Researchers have been studying the best ways of tackling obesity and weight-related health issues by encouraging better nutrition through making fresh fruit and vegetables more accessible.
The SHOP study released in March and looking at the food purchasing habits of over 1,000 New Zealanders, found that dropping GST from healthy foods would encourage people to buy more of them. The Maori Party will seek to introduce a bill in parliament later this month calling for GST to be scrapped on classes of healthy foods.
In an SMC online briefing to be held on Tuesday, July 13 at 9am, public health experts will discuss the relationship between GST and food, the SHOP study and the public health impact of the population having better access to fruit and vegetables. Registered journalists will be emailed dial-in details for the briefing. For further information, contact the SMC.
Final report clears climate scientists
The third and final report into the “Climategate” scandal involving leaked emails from the University of East Anglia’s Climate Research Unit this week found that the scientists involved were not dishonest and that their scientific findings on climate change are not in doubt.
But like the inquiries that came before it, the investigation headed by Sir Muir Russell criticised the scientists for failing to be open about their data.
“We have not found any evidence of behaviour that might undermine the conclusions of the IPCC assessments,” the Russell report noted.
The report was released at a press conference hosted by our colleagues at the Science Media Centre in London. Audio from the briefing and the report are available here.
Your science in a sentence… or two
Hundreds of emerging researchers around the country have been honing their science communication skills as part of workshops requiring them to sum up their research goals in one or two sentences.
The results, which include some gems (and a fair few statements in need of a polish) have been published on the New Zealand science blog network Sciblogs.
Science Media Centre manager, Peter Griffin, who hosted the workshops, said the aim of them was to give scientists early in their career some tips to develop their science communication skills.

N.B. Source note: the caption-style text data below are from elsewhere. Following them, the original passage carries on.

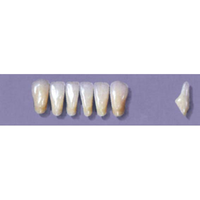 MYERSON ANTERIORS #8/I (1x6 CARD) Card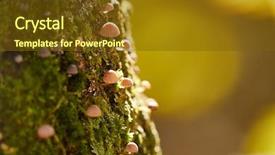  Presentation with growing tree - Amazing presentation design having fungi - tiny mushrooms growing backdrop and a tawny brown colored foreground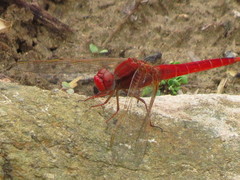 Crocothemis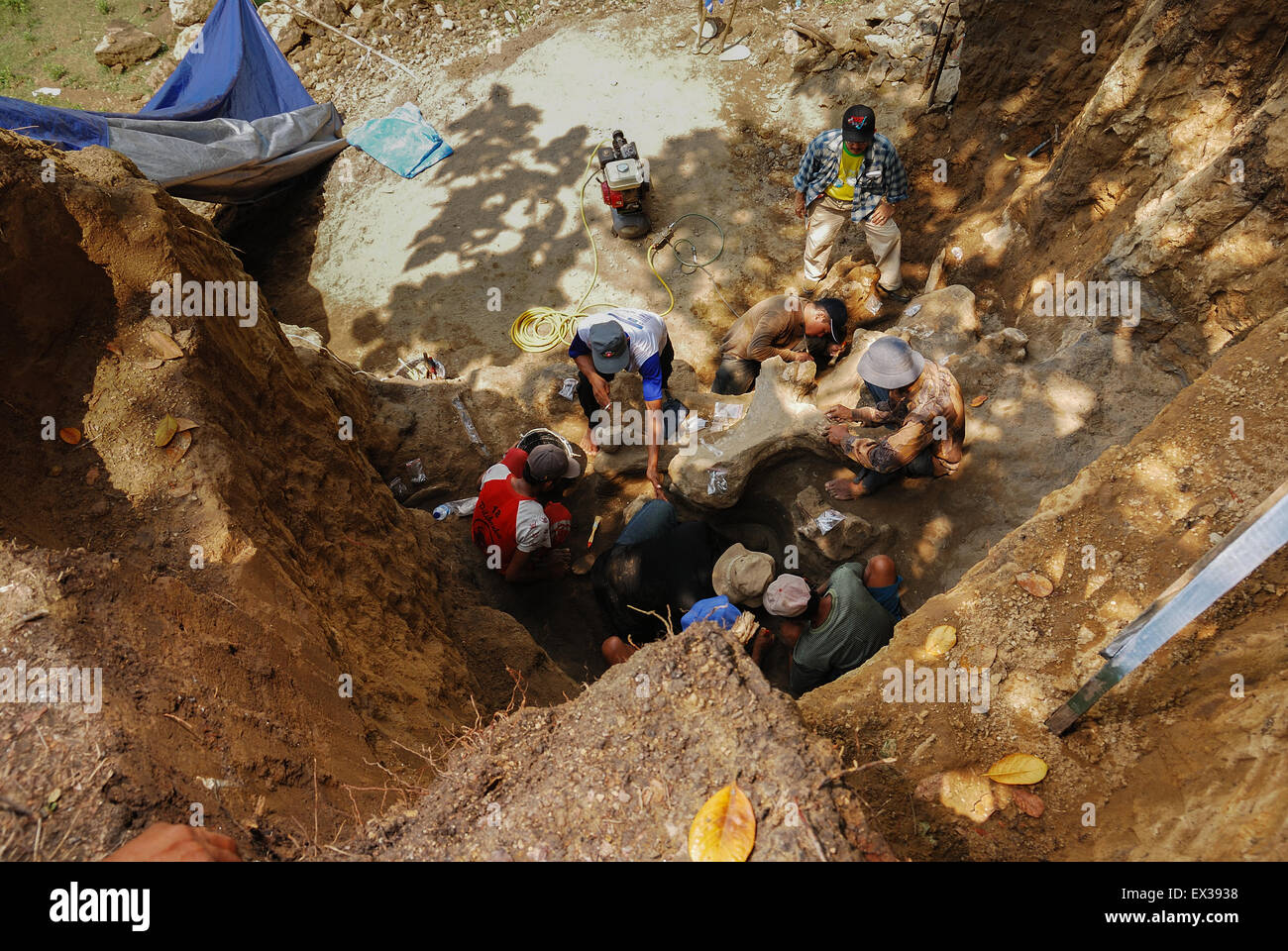 Los paleontólogos y aldeanos están trabajando en la excavación de huesos fosilizados de Elephas hysudrindicus en Blora, Java Central, Indonesia. Foto de stock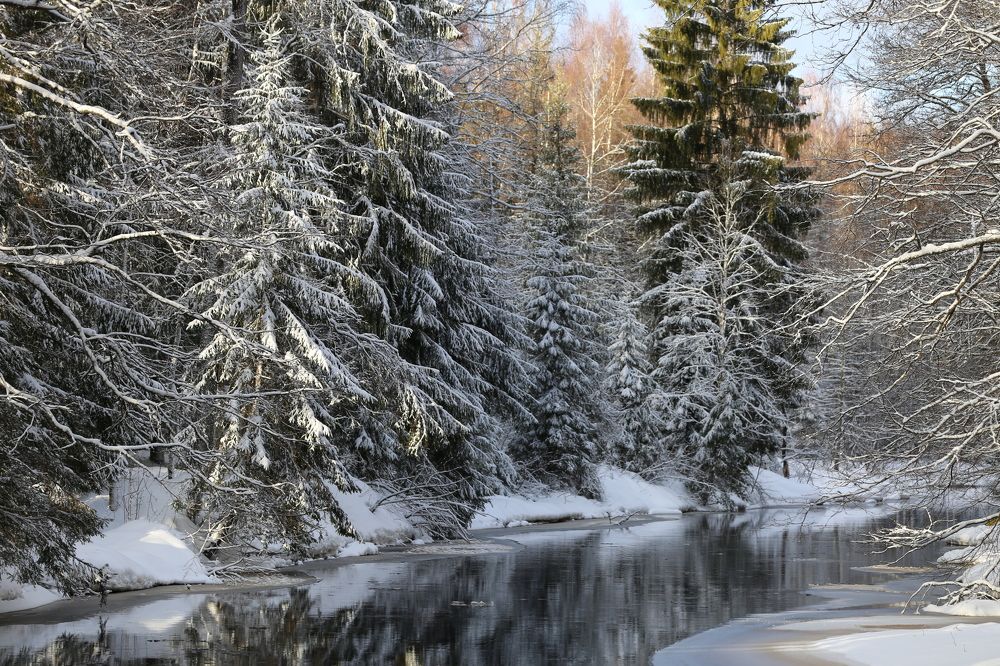 Photograph by Унку Юрий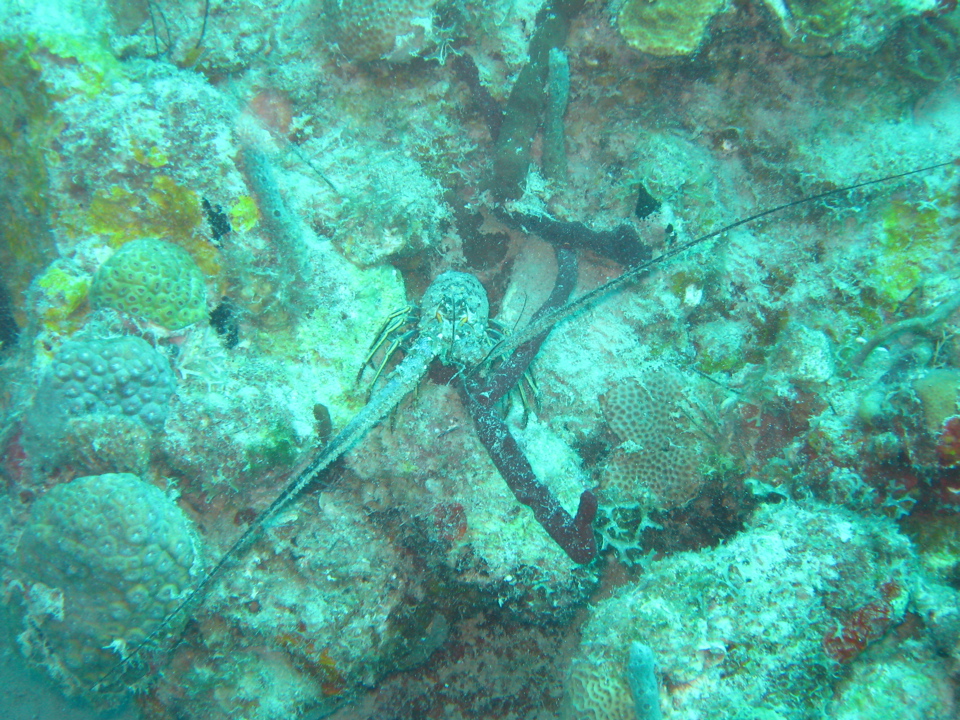 IMG_0933.JPG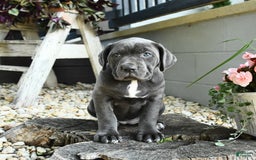 Cane Corso dogs for sale: Sally - Image 5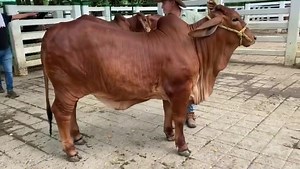 1.6K views · 56 reactions | Seleccionando ganado puro de calidad !! | Rehagronegocios Agromarketing | Facebook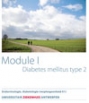 cover folder diabetes type 2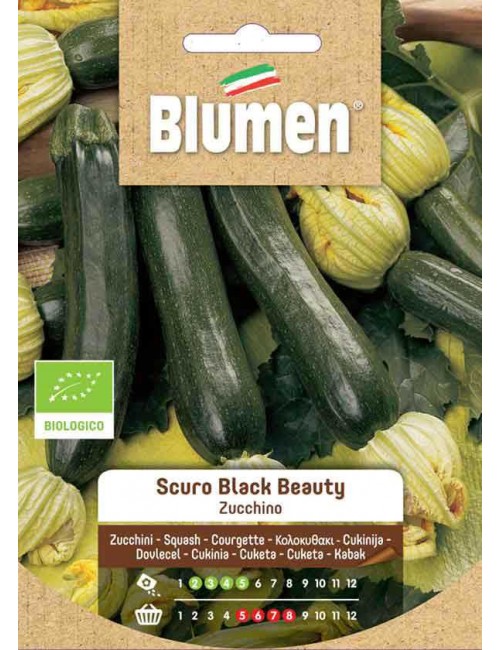 Zucchino Scuro Black Beauty Bio - Blumen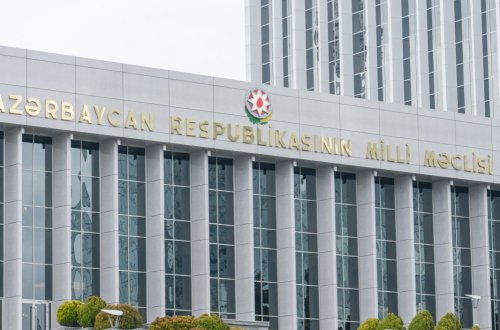 İnsan alverinə qarşı mübarizə üzrə illik məlumat MM-in plenar iclasına tövsiyə edilib - YENİLƏNİB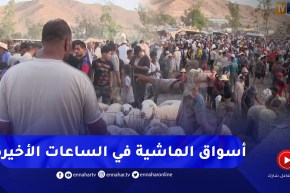 المسيلة: إقبال معتبر عشية عيد الأضحى على الأسواق.. ومواطنون أملهم تراجع الأسعار
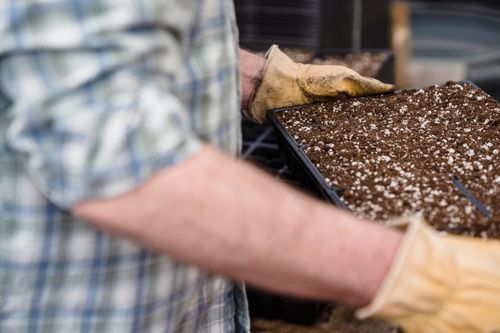 Free Crop anonymous male farmer in checkered shirt removing tray with soil in greenhouse Stock Photo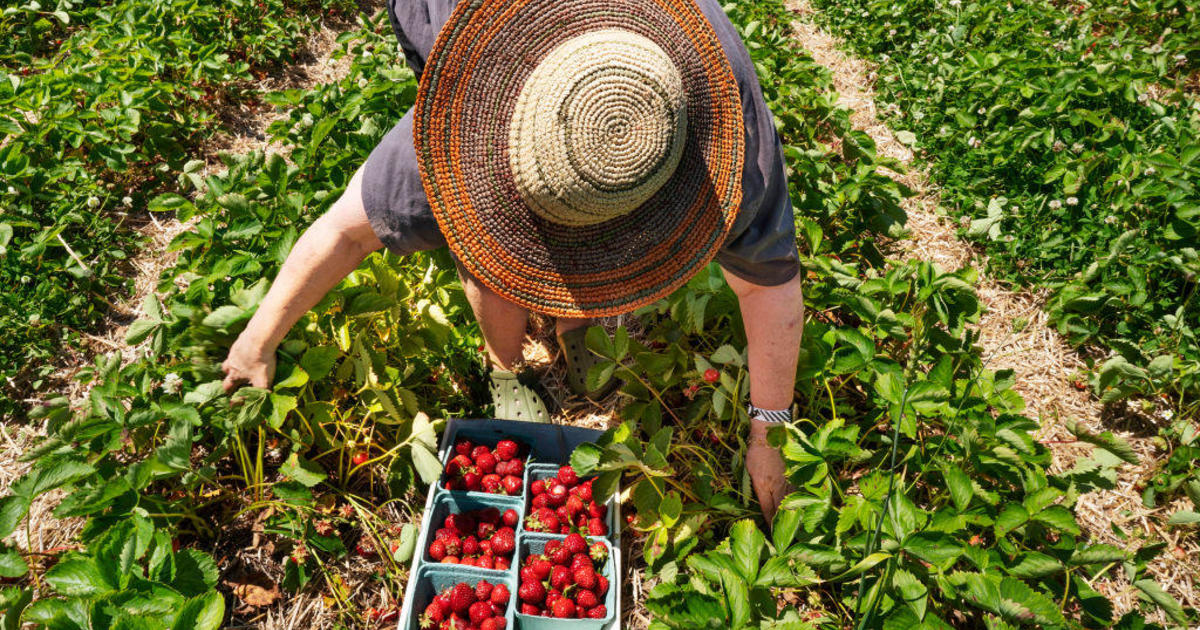 Which foods should you buy organic? The Dirty Dozen and the Clean 15 - CBS  News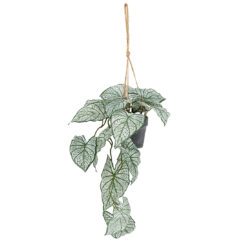 faux varigated caladium training plant with pale green and cream large heart shaped leaves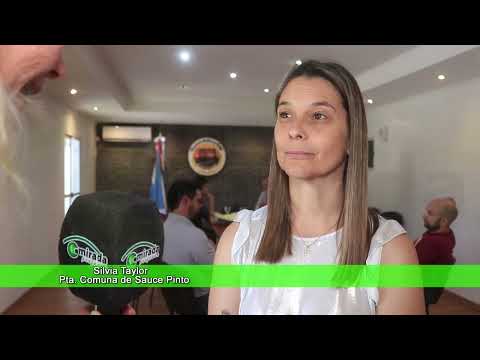 SAUCE PINTO - ENTRE RÍOS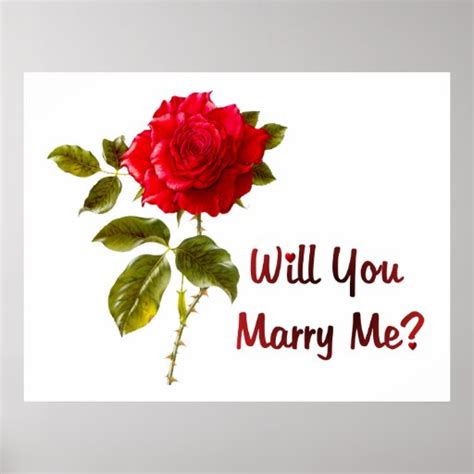 Marry Me Poster | Zazzle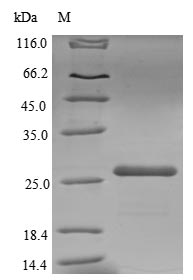 Recombinant Spinacia oleracea Plastocyanin,chloroplastic(PETE),partial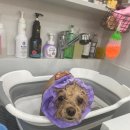 루이펫살롱 이미지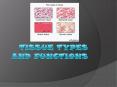Tissue Types and Functions PowerPoint PPT Presentation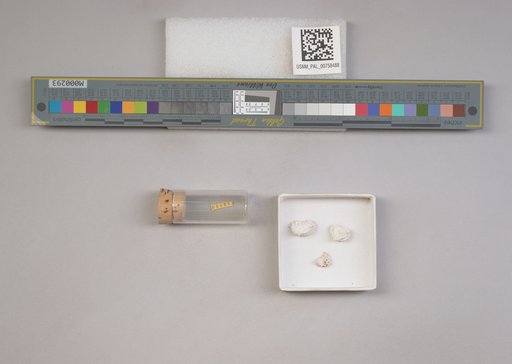 NSF ADBC EPICC TCN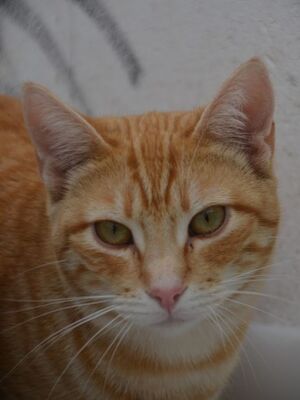 Bob geb. März 25, EKH - Kater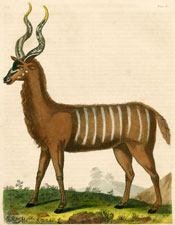 The Striped Antelope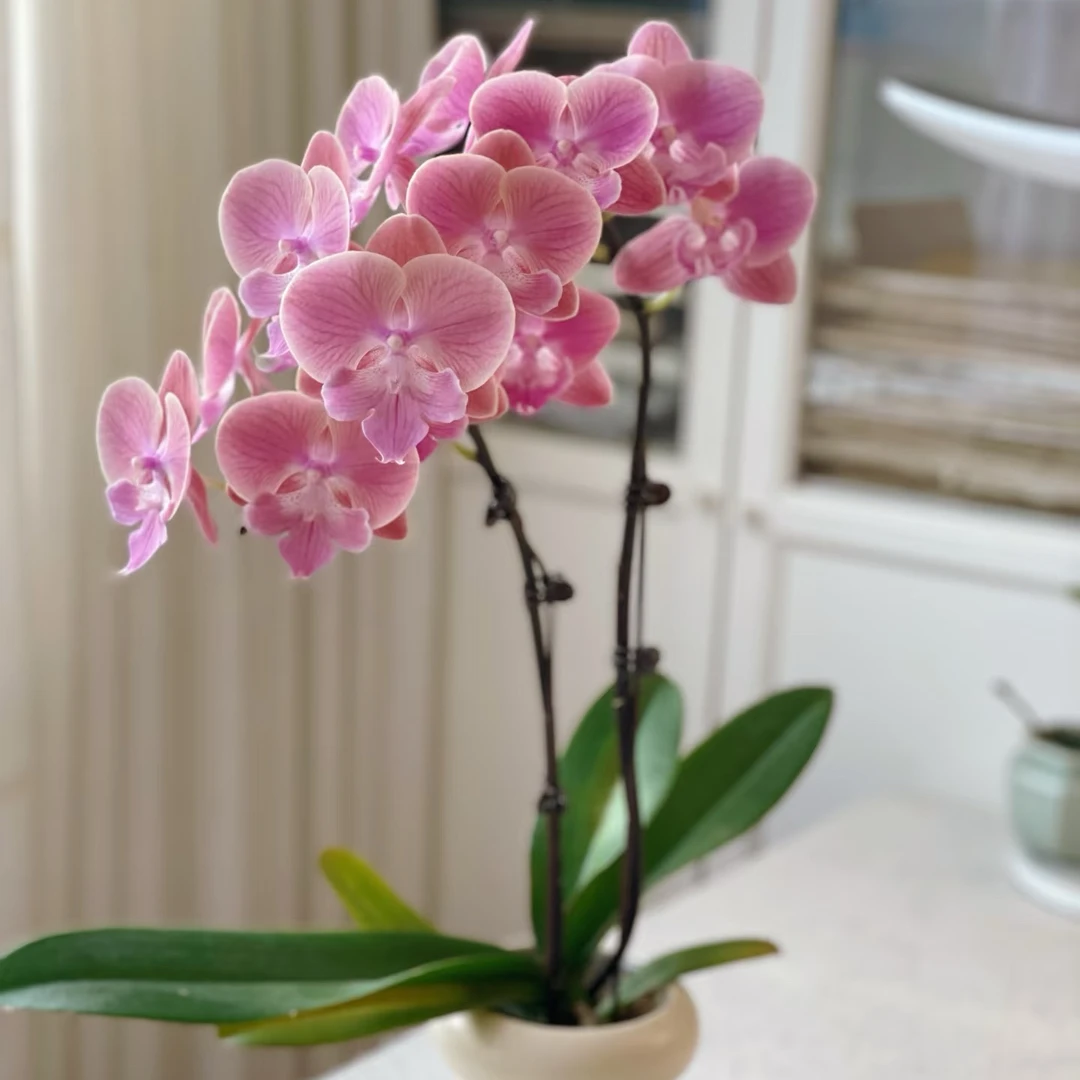 蝴蝶兰唯美室内盆栽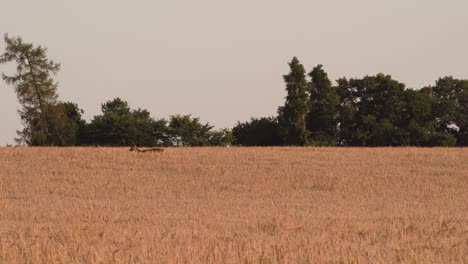 Deer-in-Barley-Field-Exiting-Frame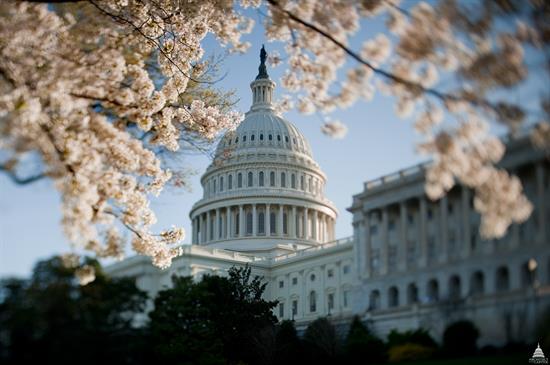 Don’t count on ‘moderates’ to bridge the political divide
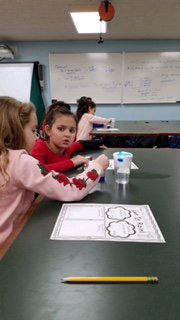 stclaresi's tweet image. #scsscience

“They may not be sitting down with a journalist to do an interview at this stage in their careers, but whether they are presenting at a Cafe Scientifique or showing people through their lab, there are lots of things they can do to get their science across effectively to a broad audience,” he said.
Scientists interested in pursuing science communication projects with a media element have the opportunity to apply for the Prime Minister’s Science Media Communication prize which is worth $100,000. Applications close on August 27.